Please let me know if my description of the problem is still
incomplete.
Thanks all for your help.
On Jul 21, 2:14 am, Felix Schäfer <[email protected]> wrote:
> Am 21.07.2009 um 09:40 schrieb Frederick Cheung:
>
>
>
> > On Jul 21, 12:02 am, "David A. Black" <[email protected]> wrote:
> >> You can do this and get, by coincidence, something like the desired
> >> effect:
>
> >> def x=(val)
> >> super
> >> # do other stuff
> >> end
>
> >> because the call to super will trigger AR::B#method_missing, but the
> >> more I look at it and play around with it, the more I think it's way
> >> too fragile and too closely couple to the method_missing
> >> implementation to use.
>
> > I haven't actually tried this but it looks like activerecord won't
> > generate an accessor if the method already exists (see
> > define_attribute_methods in activerecord/lib/active_record/
> > attribute_methods.rb
>
> It's a little hard to really help because of the lack of information
> regarding the real problem behind the OP's question (such as: why
> would you want to return a boolean from a setter method, or what is
> the other stuff that goes in the setter, is it really something that
> belongs there?), but I think the most sensible thing to do would be to
> just:
>
> def x=(val)
> # do other stuff
> write_attribute(x, val)
> end
>
> (off the top of my head, be sure to verify the syntax...)
>
> I think the crucial part here is: does this "other stuff" really
> belong in the setter?

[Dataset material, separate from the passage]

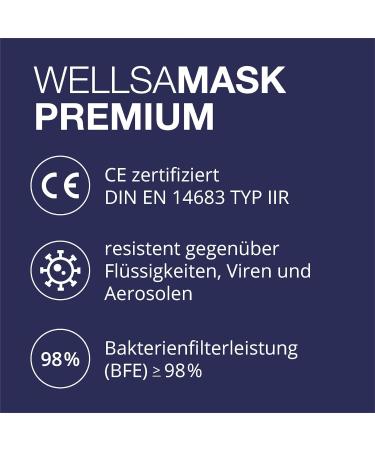 Wellsamed Wellsamask Type IIR Medical Face Masks Lavender - 50 Pack - High-Quality Elastic Band - International Shipping Available - Buy Online on GoSupps.com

Shouldn't it go in some before_save callback for
> example? Or in an observer? Or maybe even just in another function like:
>
> def do_some_stuff_with_and_set_x(val)
> # do other stuff
> self.x = val
> return whatever
> end
>
> My point here being that a setter should really just do that: set an
> attribute to a certain value. For any validation of sorts, you have
> validation callbacks, for any sanitizing that needs to be done, you
> can hook into the before_save callback, and so forth.